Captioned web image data
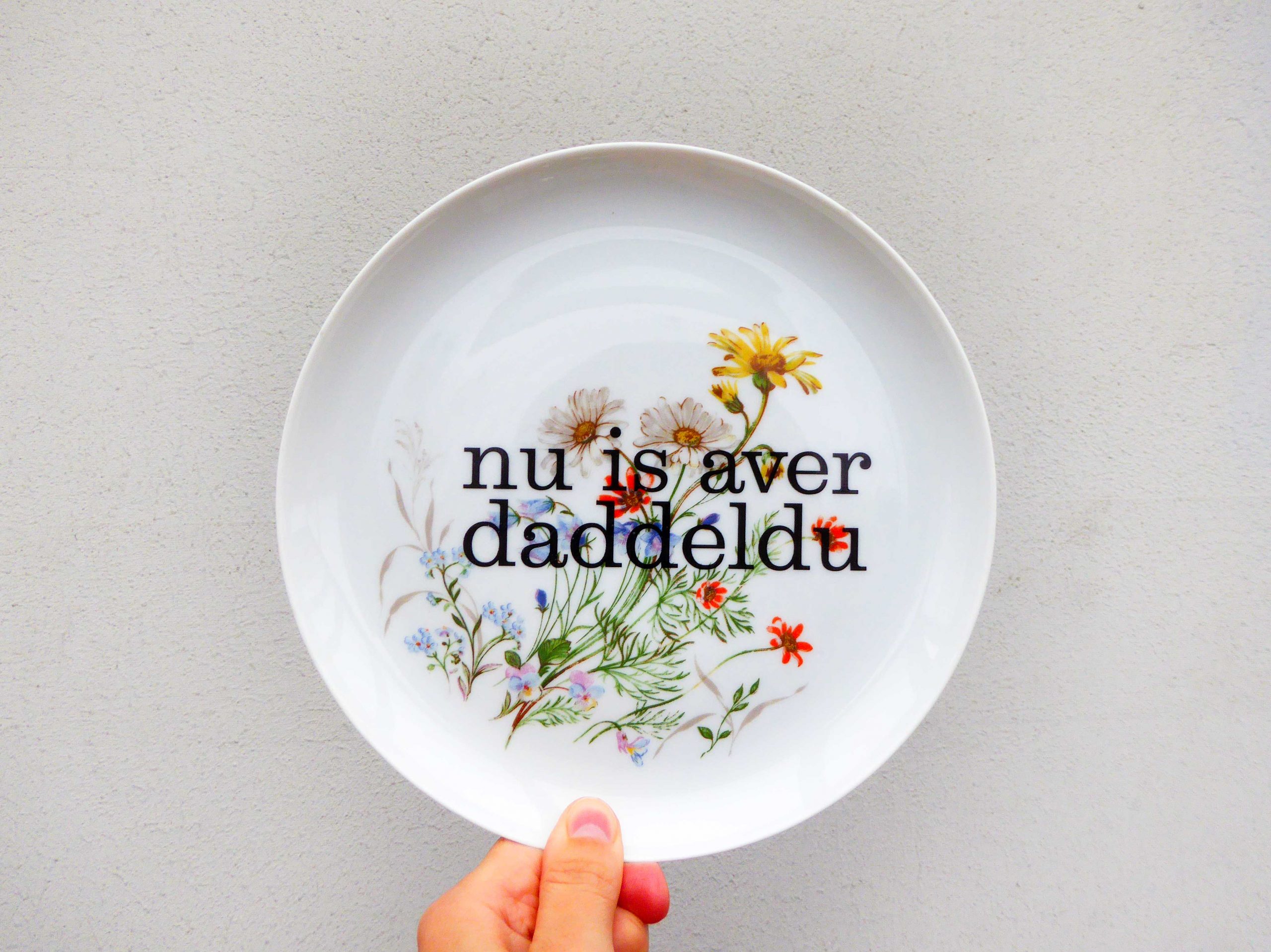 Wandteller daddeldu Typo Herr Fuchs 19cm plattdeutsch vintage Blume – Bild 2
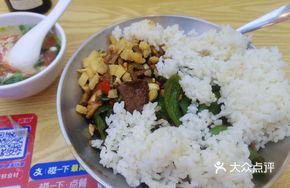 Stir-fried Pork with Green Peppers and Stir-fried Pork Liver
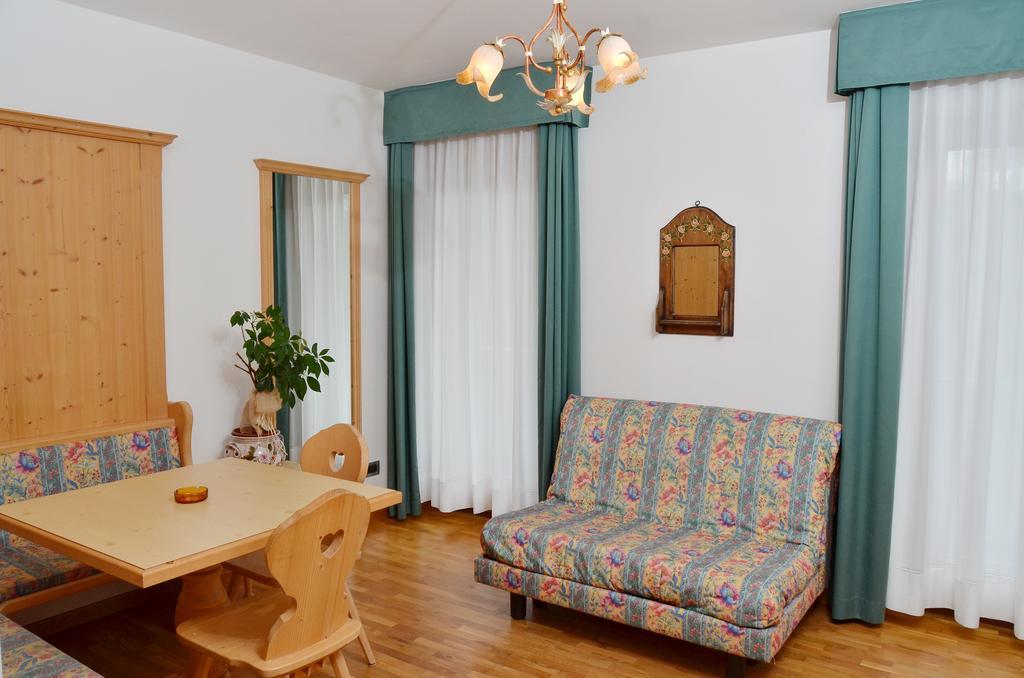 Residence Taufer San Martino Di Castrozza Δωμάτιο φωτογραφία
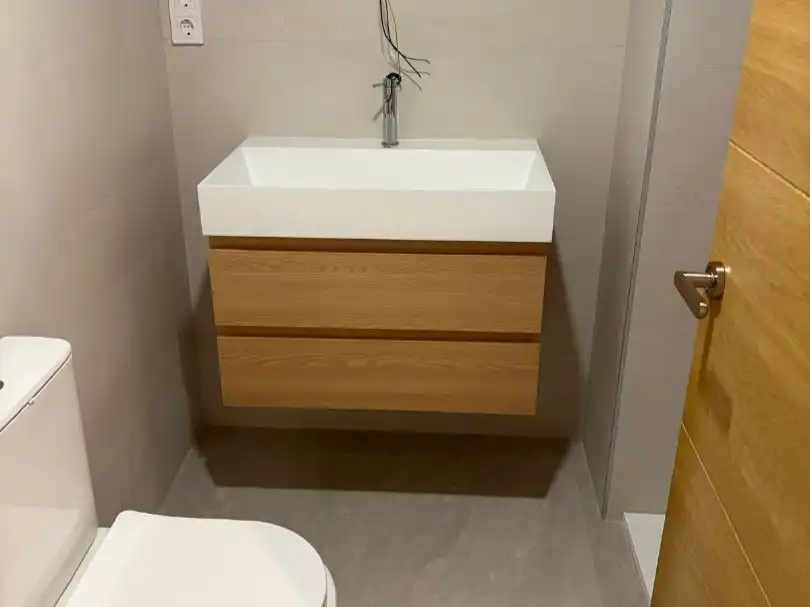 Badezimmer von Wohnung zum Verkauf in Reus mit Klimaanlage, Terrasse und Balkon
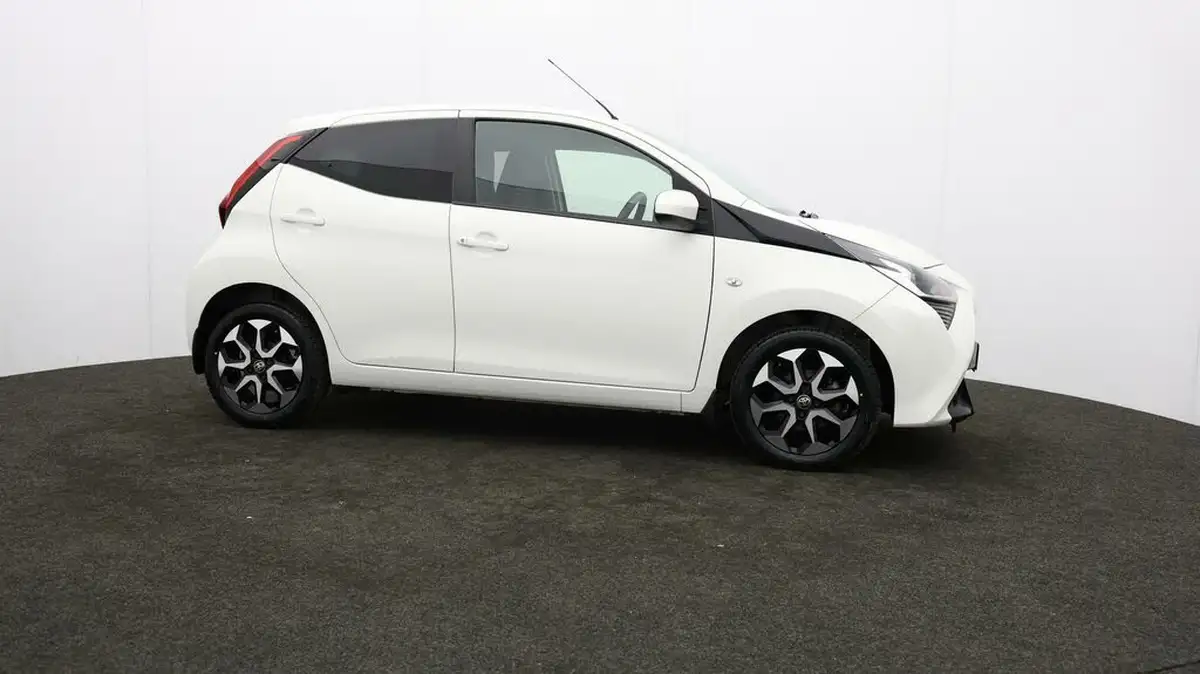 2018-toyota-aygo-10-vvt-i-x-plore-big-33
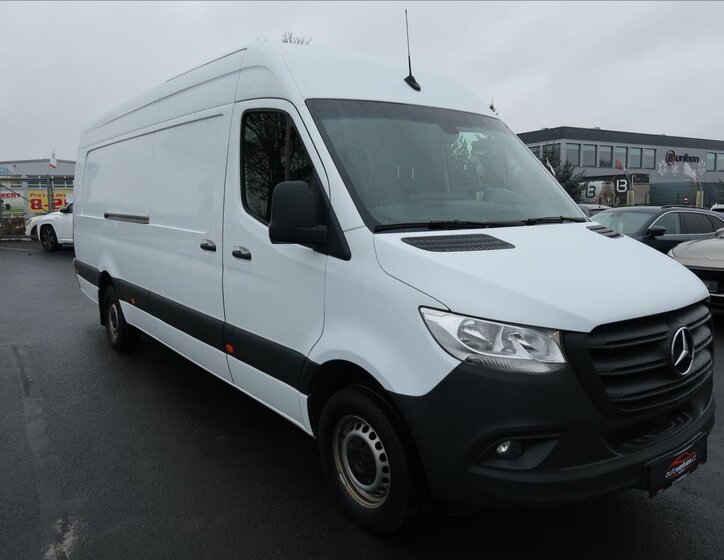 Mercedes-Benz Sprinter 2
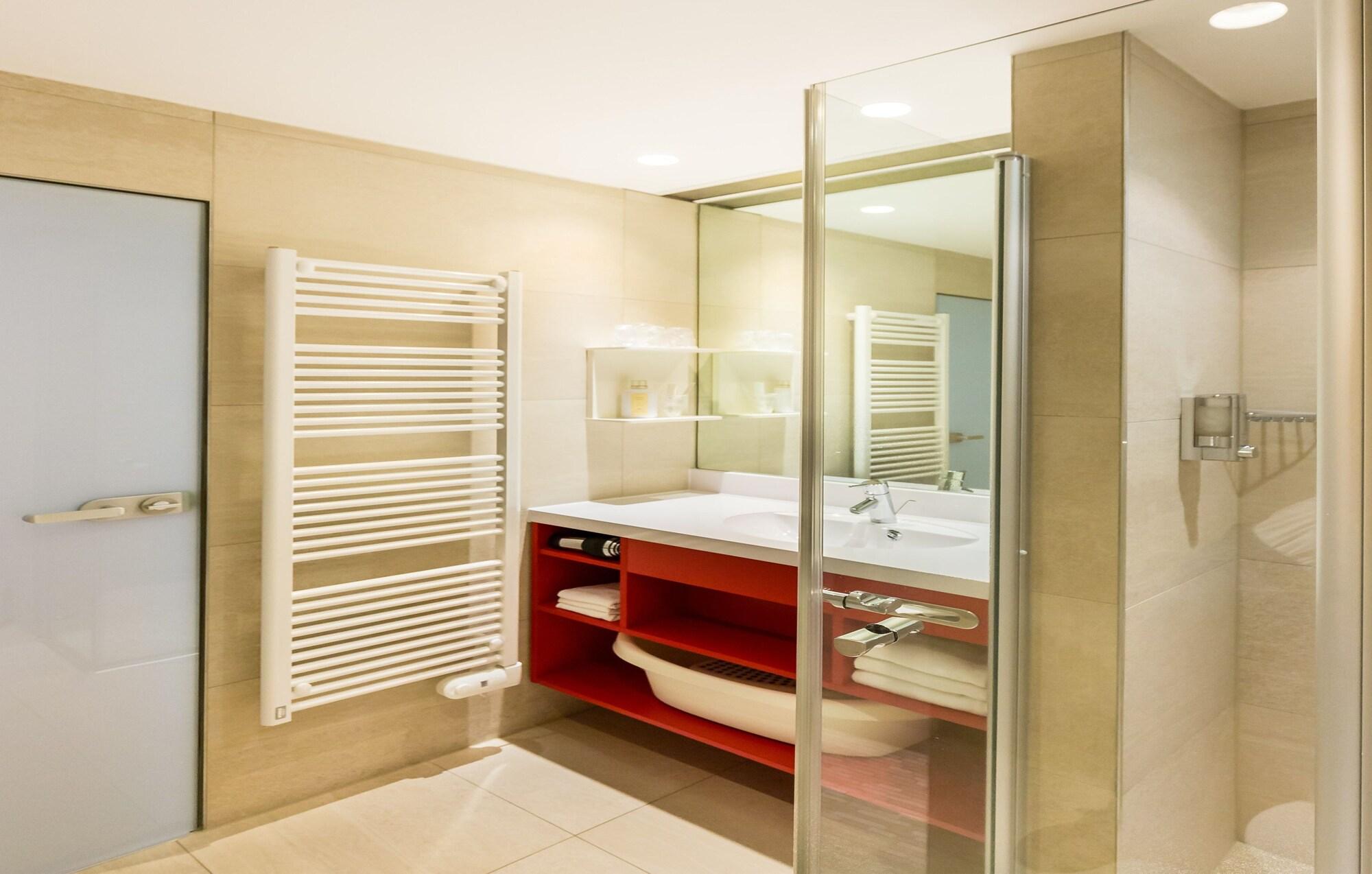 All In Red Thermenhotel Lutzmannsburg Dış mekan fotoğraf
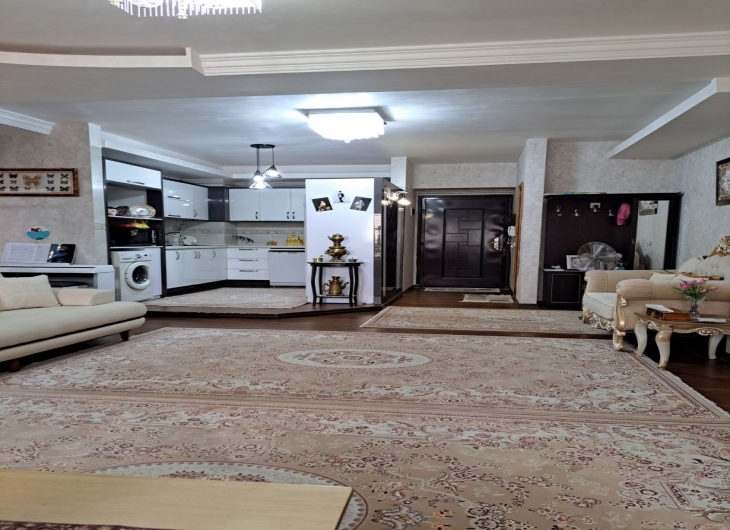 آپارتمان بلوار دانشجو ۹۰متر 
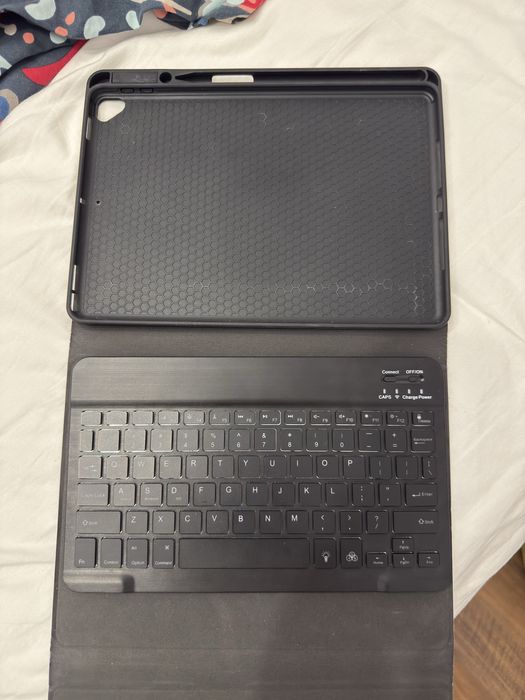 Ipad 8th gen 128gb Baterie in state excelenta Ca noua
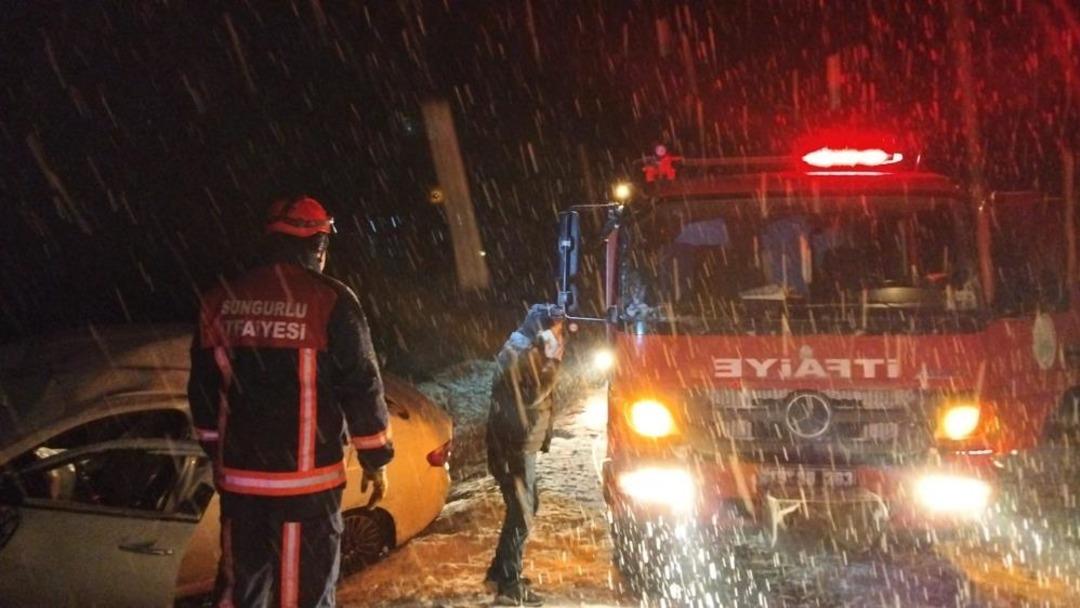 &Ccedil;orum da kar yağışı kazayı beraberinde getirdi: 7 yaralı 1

Task directions: Beginning at the line that contains "Residence Taufer San" and ending at the last line of the data, return each line exactly; no picture belongs in the copy.

Result for this exercise:
 Residence Taufer San Martino Di Castrozza Δωμάτιο φωτογραφία
 Badezimmer von Wohnung zum Verkauf in Reus mit Klimaanlage, Terrasse und Balkon
 2018-toyota-aygo-10-vvt-i-x-plore-big-33
 Mercedes-Benz Sprinter 2
 All In Red Thermenhotel Lutzmannsburg Dış mekan fotoğraf
 آپارتمان بلوار دانشجو ۹۰متر 
 Ipad 8th gen 128gb Baterie in state excelenta Ca noua
 &Ccedil;orum da kar yağışı kazayı beraberinde getirdi: 7 yaralı 1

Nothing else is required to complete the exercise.